EXERCISE INSTRUCTIONS
Transcribe the listing exactly, skipping every picture.

THE DATA
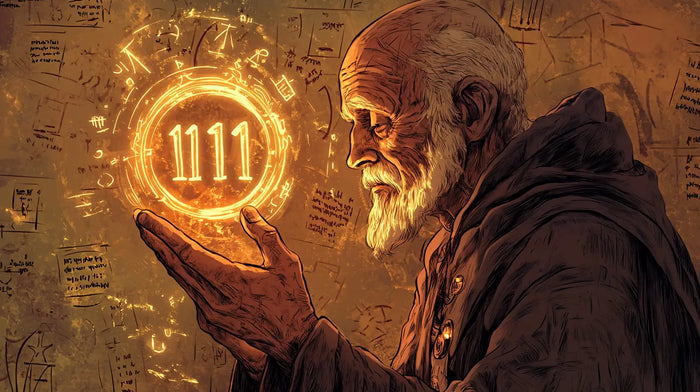 Angel Number 1111 Meaning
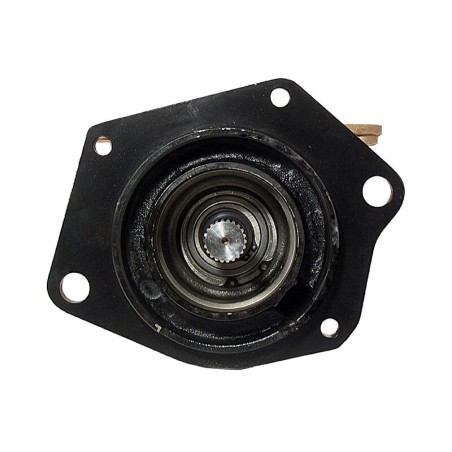 Jabsco 17810-1300 - Bronzepumpe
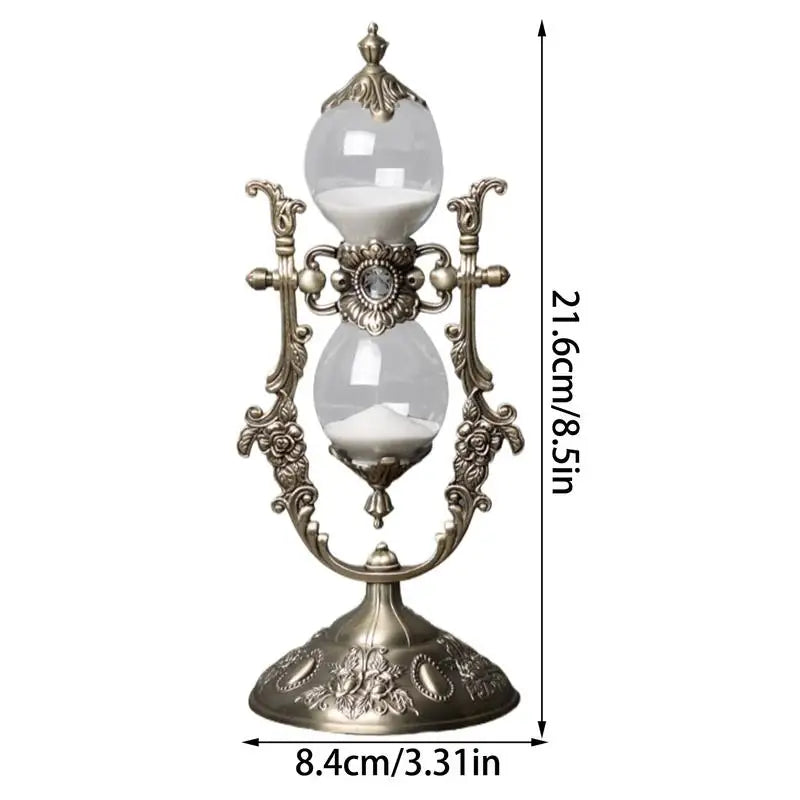 Sanduhr Antik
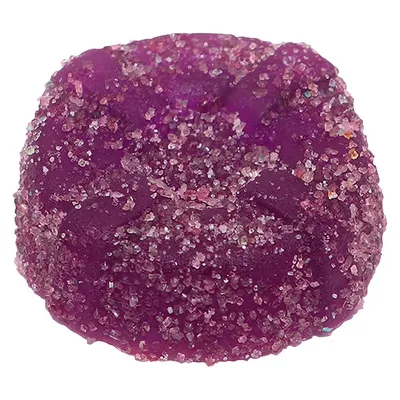 10X The Madness The Sour Purple One - Live Rosin Indica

TASK RESULT
 Angel Number 1111 Meaning
 Jabsco 17810-1300 - Bronzepumpe
 Sanduhr Antik
 10X The Madness The Sour Purple One - Live Rosin Indica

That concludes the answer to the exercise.